I like to keep my jointer knives sharp, in between the major honings to remove nicks. I read an article a few years ago in Finewoodworking on how to sharpen them in place. It used a dowel in a wood block to index the slots in the cutterhead. Looked great, except that it only worked on real jointers like a Powermatic, Delta, Jet, etc. The geometry of my Craftsman jointer didn’t have enough clearance for that solution to work.
My solution was a custom fit wood block with a slot in it to slide a z-shaped piece of fiberglass down to lock and index the cutter head.
Your dimensions may need to be adjusted, but this is what works for my particular jointer. I have used it many times, and it keeps the knives tuned razor sharp, and all cutting evenly.
I started with a wood scrap cut to 3-9/32” L x 1-5/16” W x ¾” T. One of the corners needed to be slightly rounded with a file for a snug fit. It has to fit tight to give repeatable results. On the front of the block is a slot cut at 55 degrees, which on my jointer will position the knives just slightly past TDC. It is a half inch deep, and in my case just a hair over .2” wide.
The sliding piece that indexes the cutterhead needs to be durable, and not affected by temperature or humidity. I laminated several pieces of copper clad fiberglass, but you could use a piece of aluminum, or whatever is on hand. My lamination ended up .2” thick. Whatever thickness you end up with, that is the starting width of the slot in the wood block. Fine tune the slot with a file so the material can slide in the slot, but not without some effort. If anything ends up sloppy, you will not get good results.
I had to cut and file my sliding piece into a “Z” shape in order to give me access to the full width of the knives.
It works like this:
First, make sure the jointer is unplugged. Second, check that again. Next, cover the first 12” on the outfeed table with a layer of packing tape, to protect it from the diamond plate. Drop the infeed table a half inch to get it out of the way. Remove the cutterhead guard and set the wood block next to the cutterhead. Raise the infeed table to snug the wood block into place so it will not move. Rotate the cutterhead and carefully slide the z-shaped piece into the slots in the wood block and the cutterhead. If you aren’t going to be careful, keep Band-Aids handy. The outside edge of a jointer knife is almost always still extremely sharp. Place a straightedge on the outfeed table to see if you have to slightly lower it (packing tape thickness). Use a long diamond plate and hone the knife, working the full width, and counting strokes. Pull the z-shaped piece, and rotate the cutterhead to the next knife. When all knives have been touched up, remove the index block and packing tape, reset the outfeed table if you adjusted it, and reinstall the guard.

2 comments so far

View splintergroup's profile


7117 posts in 2713 days

#1 posted 05-15-2015 02:28 PM

I have made the same jig for my Jet jointer. This has to be the ‘best’ tool there is for sharpening and setting knives.
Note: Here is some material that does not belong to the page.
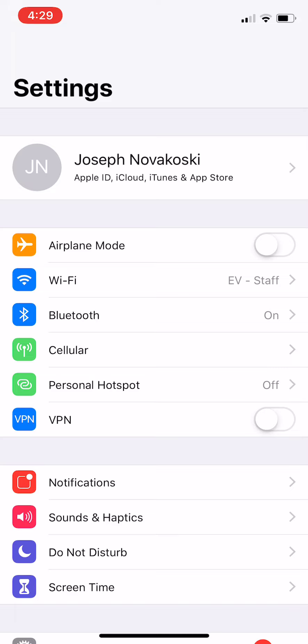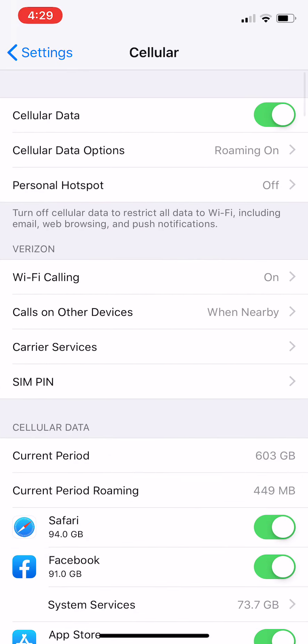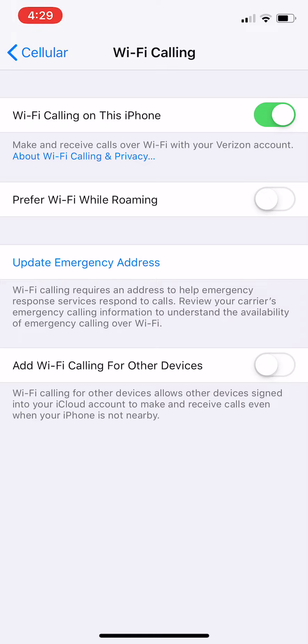A way to turn this on is to go to your settings — again, on an iPhone — click on cellular, and then from there, there's a spot you can see right in the middle of the screen for Wi-Fi calling. Mine's already on, but if I click on that, you'll be able to turn that on, and then it will ask you for an emergency address.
The angles are perfect, you can easily cut a narrow relief bevel, the knives are left perfectly aligned with the infeed table, all without breaking a sweat. No need for fussy blade setting fixtures and other doodads.

View Lumberpunk's profile


334 posts in 3828 days

#2 posted 05-16-2015 07:01 AM

very cool… on my todo list… thanks!

-- If someone tells you you have enough tools and don't need any more, stop talking to them, you don't need that kind of negativity in your life.